Sunny Malta continues to punch way above its weight with quality artists gracing its shores. This Sunday Berlin based DJ & producer Kyle Geiger will play at Gianpula’s Rooftop Club for the closing of Indigo.

Contributing to the local club scene, Indigo’s carefully selected music programming features a dubbed-up, stripped down techno sound which blends beautifully between the darkness of the local underground together with the warmth and power of Malta’s hot summer days. 

Growing up in the State of Indiana and then finding himself in the techno-capital of the world, Berlin, Underground Sound sat down with the artist to find out a little more about what makes him tick and his views on today’s hot topics gripping the DJ world. 

How did you first discover techno? Was there one artist that pushed you to start DJing? 

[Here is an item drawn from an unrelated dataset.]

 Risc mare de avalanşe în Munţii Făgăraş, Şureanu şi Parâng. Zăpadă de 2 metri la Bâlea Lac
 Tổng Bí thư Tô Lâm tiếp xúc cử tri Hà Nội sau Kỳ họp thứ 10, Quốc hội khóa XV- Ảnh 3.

I had linked up with a guy who had a mobile DJ business. He would play high school dances, weddings, events like that. A friend and I thought it would be a good way to make money, and we planned to play the same sort of gigs. Before this business plan failed, I was buying tons of music of all genres, which I wasn’t necessarily familiar with, but I needed to have different stuff that would suit all sorts of people. 

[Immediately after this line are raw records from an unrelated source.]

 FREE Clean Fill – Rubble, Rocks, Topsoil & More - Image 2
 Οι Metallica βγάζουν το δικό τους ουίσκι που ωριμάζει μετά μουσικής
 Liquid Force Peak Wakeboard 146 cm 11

My influences are the kind of stuff people don’t really speak about in an interview… I first got into that euro-dance stuff, like Real McCoy and 2 Unlimited – the most embarrassing stuff you could ever listen to now, but that was what opened the door. At the same time, I was really into rock music like Nine Inch Nails. 

I knew when I was listening to the euro dance stuff that it was super cheesy, but there were elements that I liked, and with Nine Inch Nails there were the electronic aspects that weren’t cheesy. The first time I heard ‘Closer’ it was at a middle school dance, the edited version of course. That was really what got me down the rabbit hole.

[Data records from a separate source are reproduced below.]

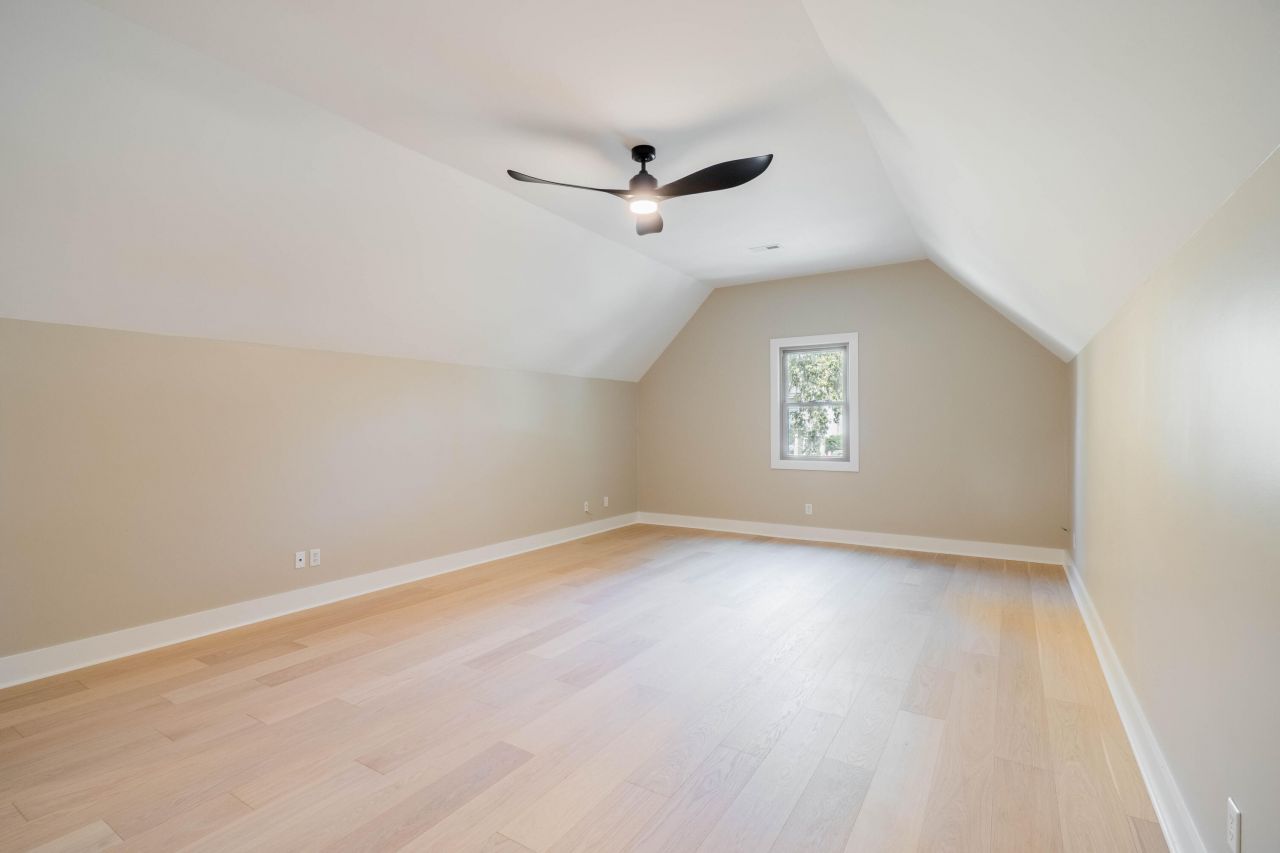 316 Anadale Court Photo 35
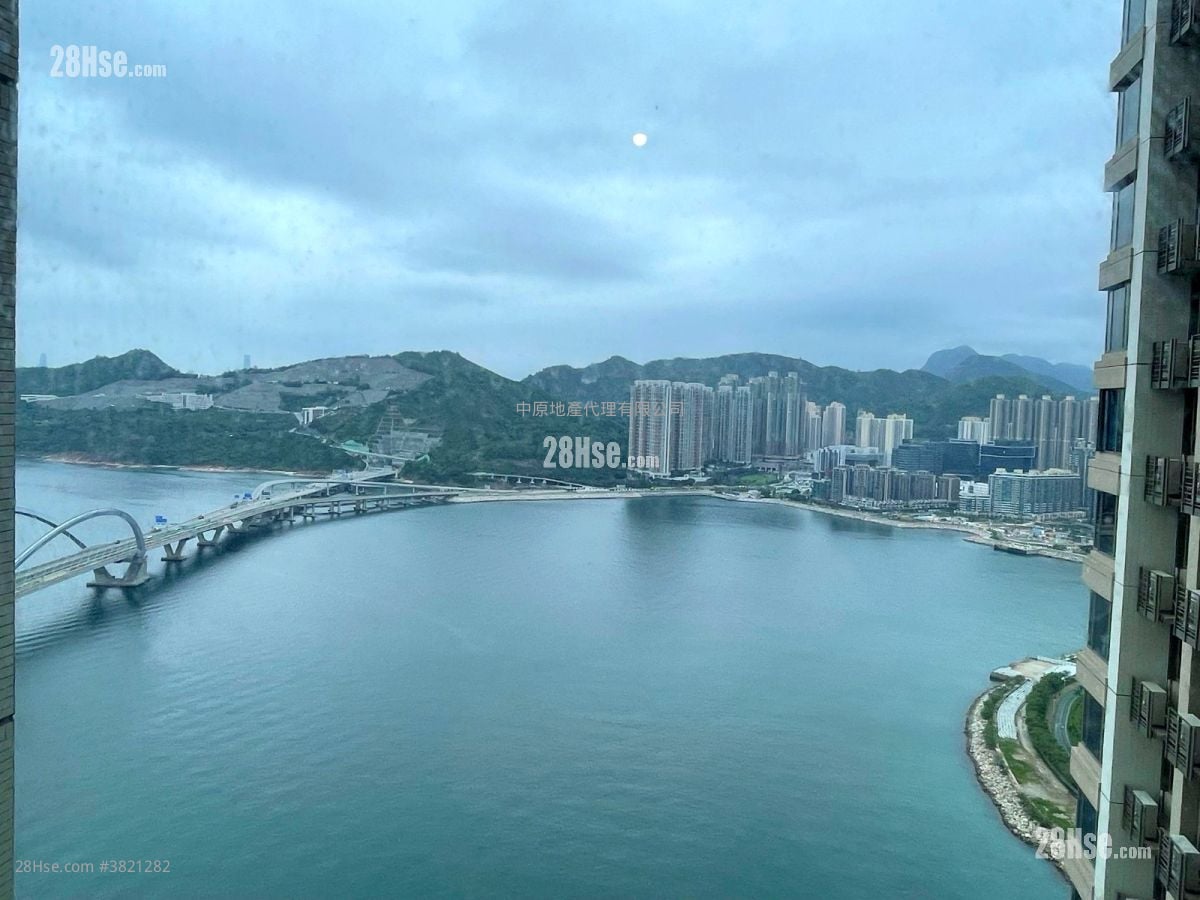 Sea To Sky Sell 2 Bedrooms , 1 Bathroom 470 ft²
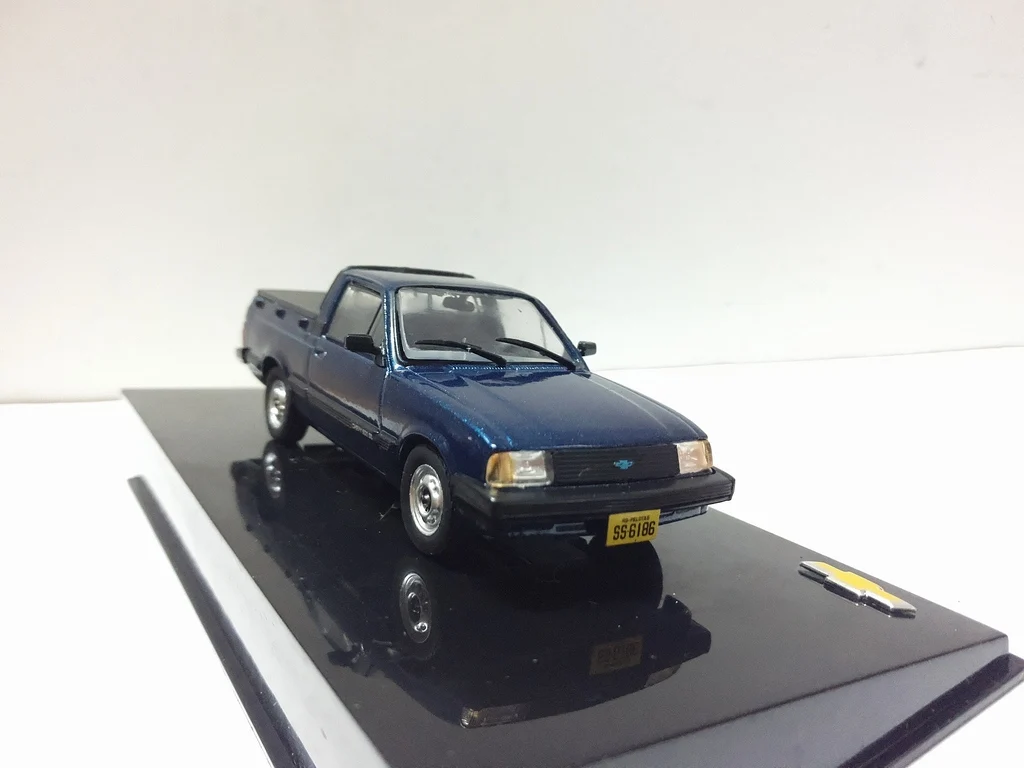 I XO 1:43 CHEVRO LET CHEVY 500 1983 бутик игрушечный автомобиль из сплава для детей Детские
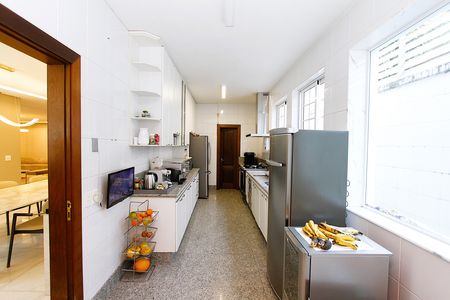 Casa para alugar com 360m², 5 quartos e 3 vagasCozinha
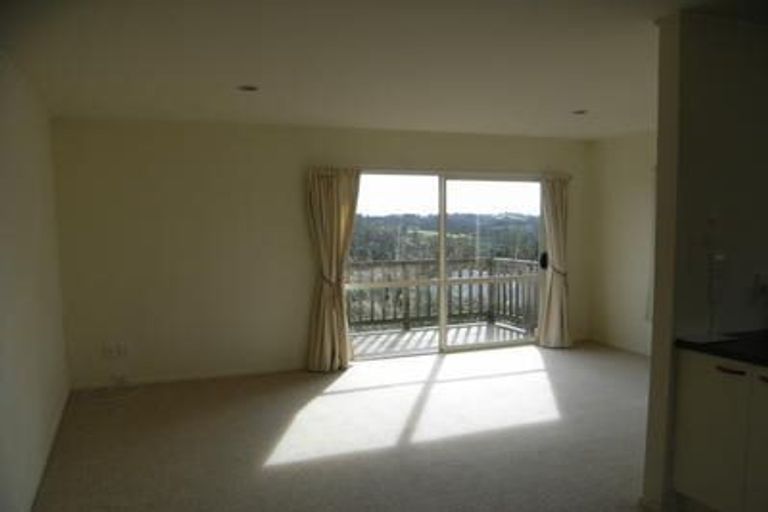Photo of property in 294 Paremoremo Road, Paremoremo, Auckland, 0632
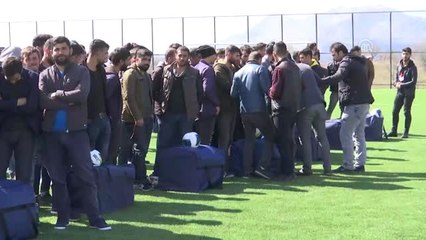 Bakan Kasapoğlu, Halı Saha Açılışına Katıldı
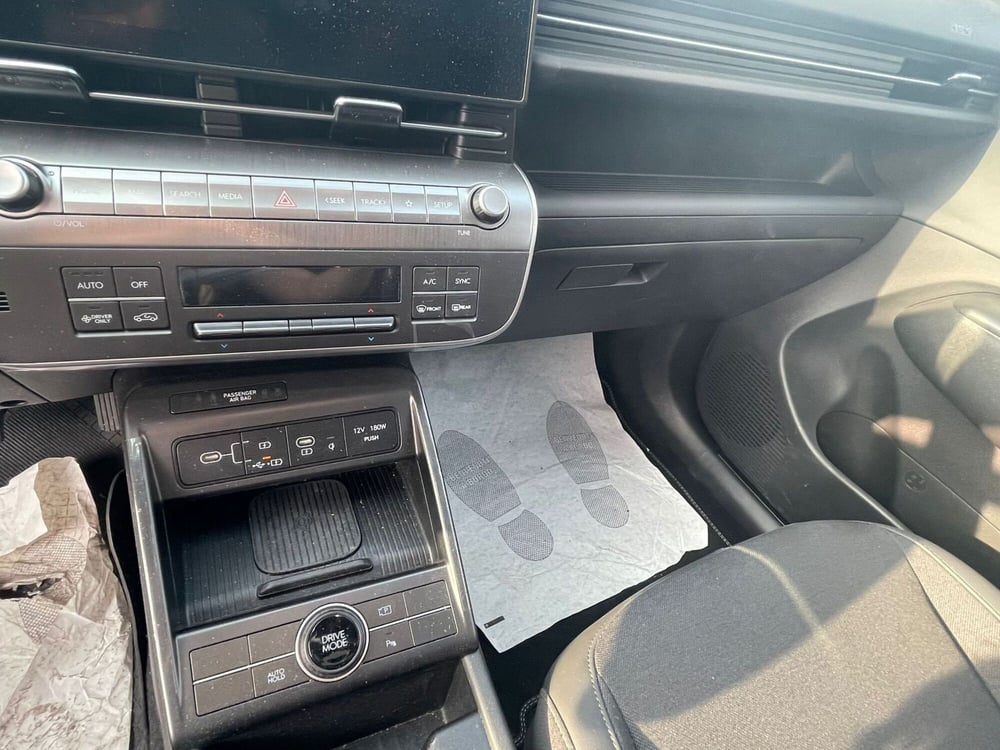 Hyundai Kona usata a Latina (17)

I appreciated having a Blockbuster music store in my hometown in Indiana, as it had a music section. Blockbuster was mainly known as a video store, but it had a separate, and much shorter-lived branch of music stores as well.  They had an awful business model, which was super beneficial to people like me. You could basically take any CD to the listening station and they would take it out of the plastic, and you could listen to the whole thing. The result was that we created bundles of merchandise that was no longer returnable to the distributors, but we loved every minute of it.  RIP Blockbuster music.

Whereas there is more support for techno in Europe in comparison to the US, I suppose it was very refreshing to play in Germany for the first time as an American DJ. How has being based in Berlin affected your style? 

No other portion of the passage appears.